#### [EXERCISE PROMPT]
A word-for-word copy of the lines below, starting at the line with "this 300×181 image." and ending at the last one, is what you should give. Omit every picture.
[[ THE DATA, beginning ]]
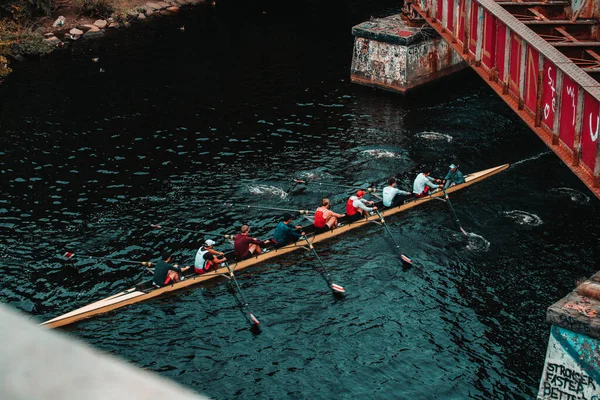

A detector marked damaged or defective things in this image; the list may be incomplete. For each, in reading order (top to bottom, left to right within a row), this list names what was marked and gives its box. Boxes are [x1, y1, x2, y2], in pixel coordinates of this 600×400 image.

rusty metal bridge [408, 0, 600, 199]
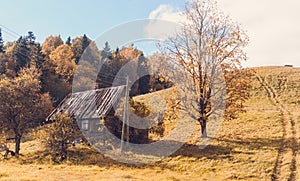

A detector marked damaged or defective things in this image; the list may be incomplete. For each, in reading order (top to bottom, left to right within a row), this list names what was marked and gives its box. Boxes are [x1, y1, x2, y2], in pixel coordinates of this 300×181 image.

rusty metal roof [46, 85, 125, 121]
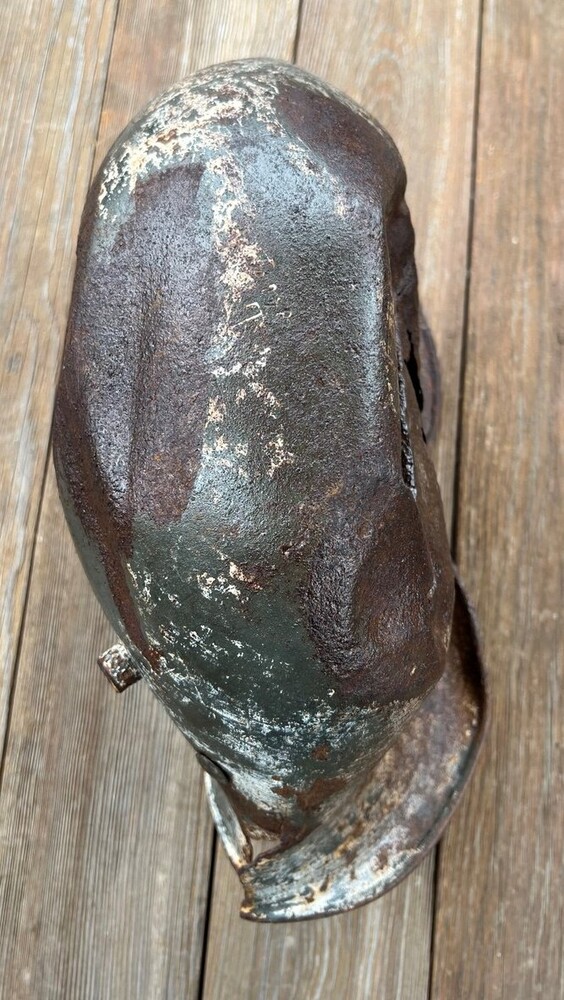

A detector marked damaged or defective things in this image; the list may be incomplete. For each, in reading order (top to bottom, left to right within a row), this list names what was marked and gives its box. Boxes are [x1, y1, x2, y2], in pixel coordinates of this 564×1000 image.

rusty metal helmet [51, 58, 484, 916]
corroded metal surface [51, 58, 484, 920]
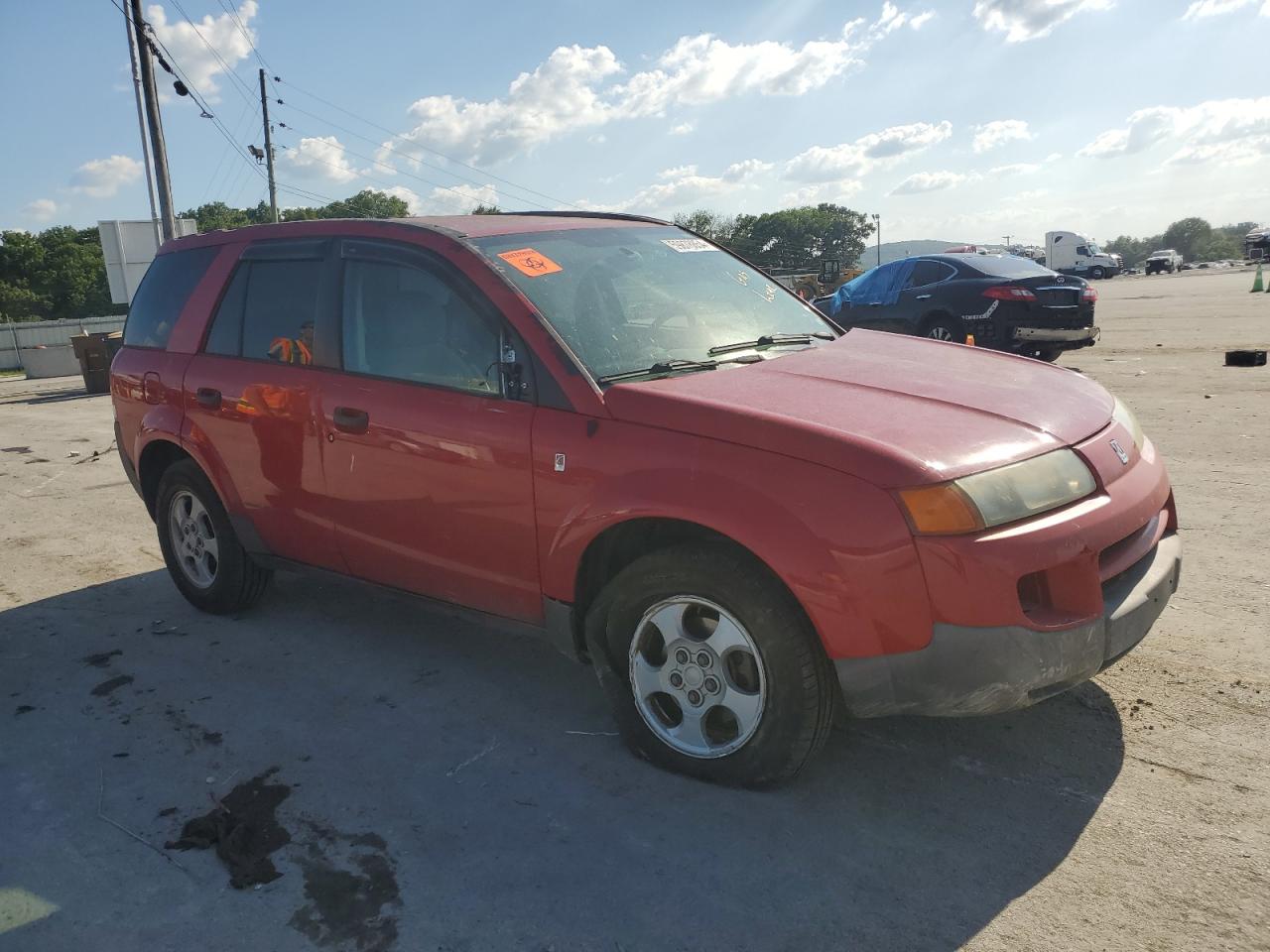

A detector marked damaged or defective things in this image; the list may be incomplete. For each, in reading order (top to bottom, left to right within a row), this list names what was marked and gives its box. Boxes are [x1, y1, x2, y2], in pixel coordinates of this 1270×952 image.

damaged front bumper [833, 532, 1183, 718]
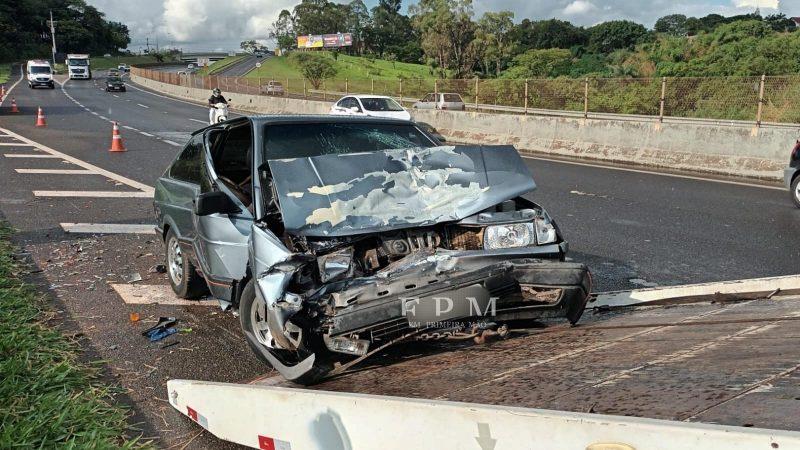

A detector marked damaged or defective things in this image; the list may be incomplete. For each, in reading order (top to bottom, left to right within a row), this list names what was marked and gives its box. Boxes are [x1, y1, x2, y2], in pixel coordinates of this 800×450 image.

crumpled hood [268, 146, 536, 237]
wrecked silver car [155, 116, 592, 384]
broken headlight [484, 224, 536, 251]
damaged front bumper [322, 250, 592, 342]
detached bumper piece [326, 256, 592, 338]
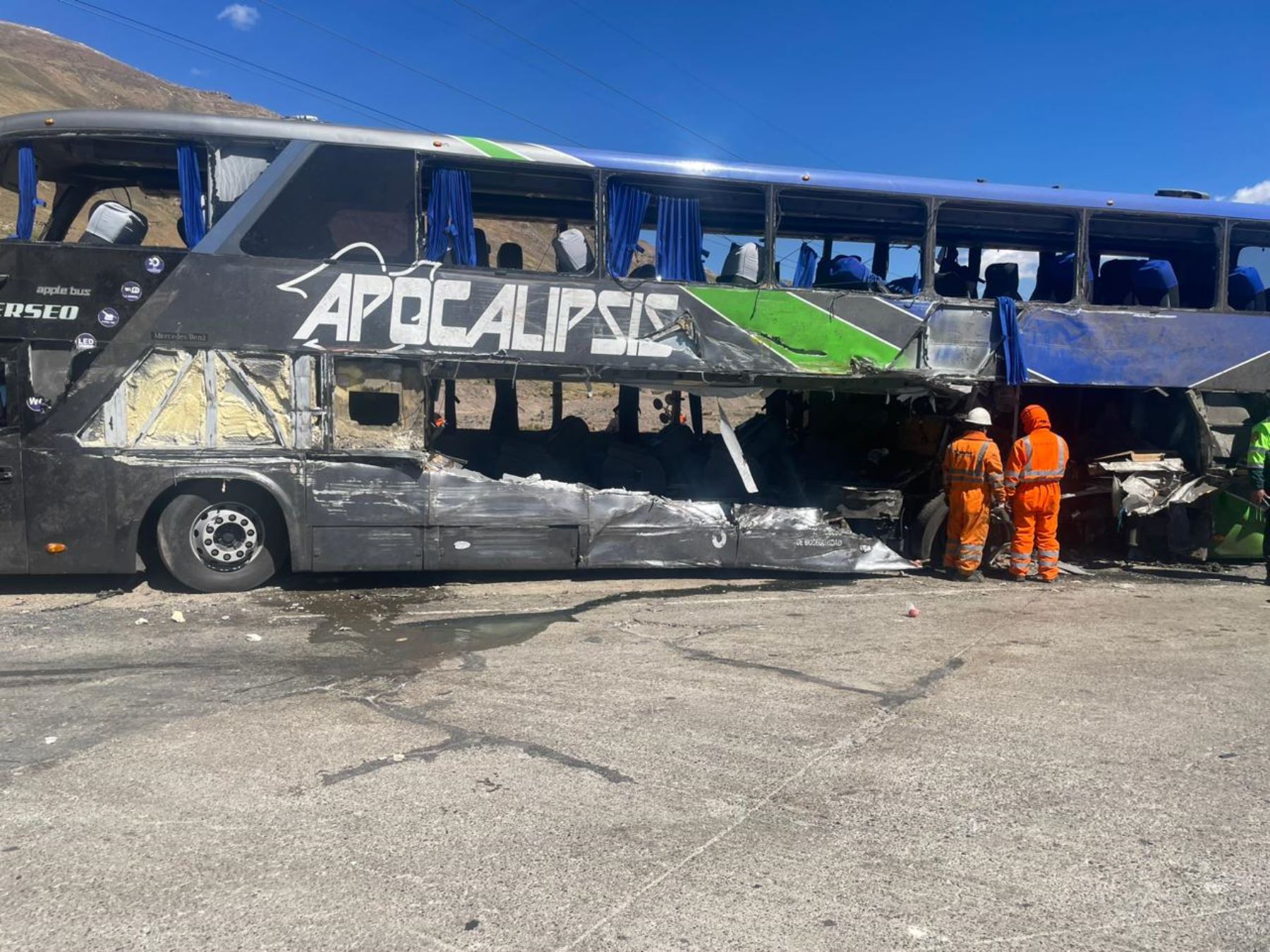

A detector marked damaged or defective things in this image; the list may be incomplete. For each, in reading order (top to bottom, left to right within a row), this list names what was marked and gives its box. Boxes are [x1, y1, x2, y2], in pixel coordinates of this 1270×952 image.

heavily damaged bus [0, 110, 1264, 590]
[[ THE DATA, end ]]
#### [ANSWER TO THIS PROBLEM]
A detector marked damaged or defective things in this image; the list may be incomplete. For each, in reading order (top to bottom, left to right within a row), this list names what was marked and gives its box. Boxes are [x1, y1, x2, y2], in pixel coordinates of this 300×181 image.

rusty metal roof [46, 85, 125, 121]

A detector marked damaged or defective things in this image; the list may be incomplete. For each, in reading order (top to bottom, left to right within a row), this list names what was marked and gives its box. Boxes are [x1, y1, x2, y2], in pixel coordinates of this 564×1000 image.

rusty metal helmet [51, 58, 484, 916]
corroded metal surface [51, 58, 484, 920]

A detector marked damaged or defective things in this image; the list may be incomplete. For each, in reading order (top to bottom, left to right within a row), this list names what was marked and gives its box. Boxes are [x1, y1, x2, y2], in pixel coordinates of this 1270×952 image.

damaged front bumper [833, 532, 1183, 718]

A detector marked damaged or defective things in this image; the list may be incomplete. For each, in reading order (top to bottom, left to right within a row), this list names what was marked and gives its box. Boxes are [x1, y1, x2, y2], in pixel coordinates of this 800×450 image.

crumpled hood [268, 146, 536, 237]
wrecked silver car [155, 116, 592, 384]
broken headlight [484, 224, 536, 251]
damaged front bumper [322, 250, 592, 342]
detached bumper piece [326, 256, 592, 338]

A detector marked damaged or defective things in this image; the list may be incomplete. For each, in reading order (top to bottom, left to right within a row), this list names what was marked and gives its box. Boxes are [x1, y1, x2, y2], in pixel coordinates of this 1270×952 image.

heavily damaged bus [0, 110, 1264, 590]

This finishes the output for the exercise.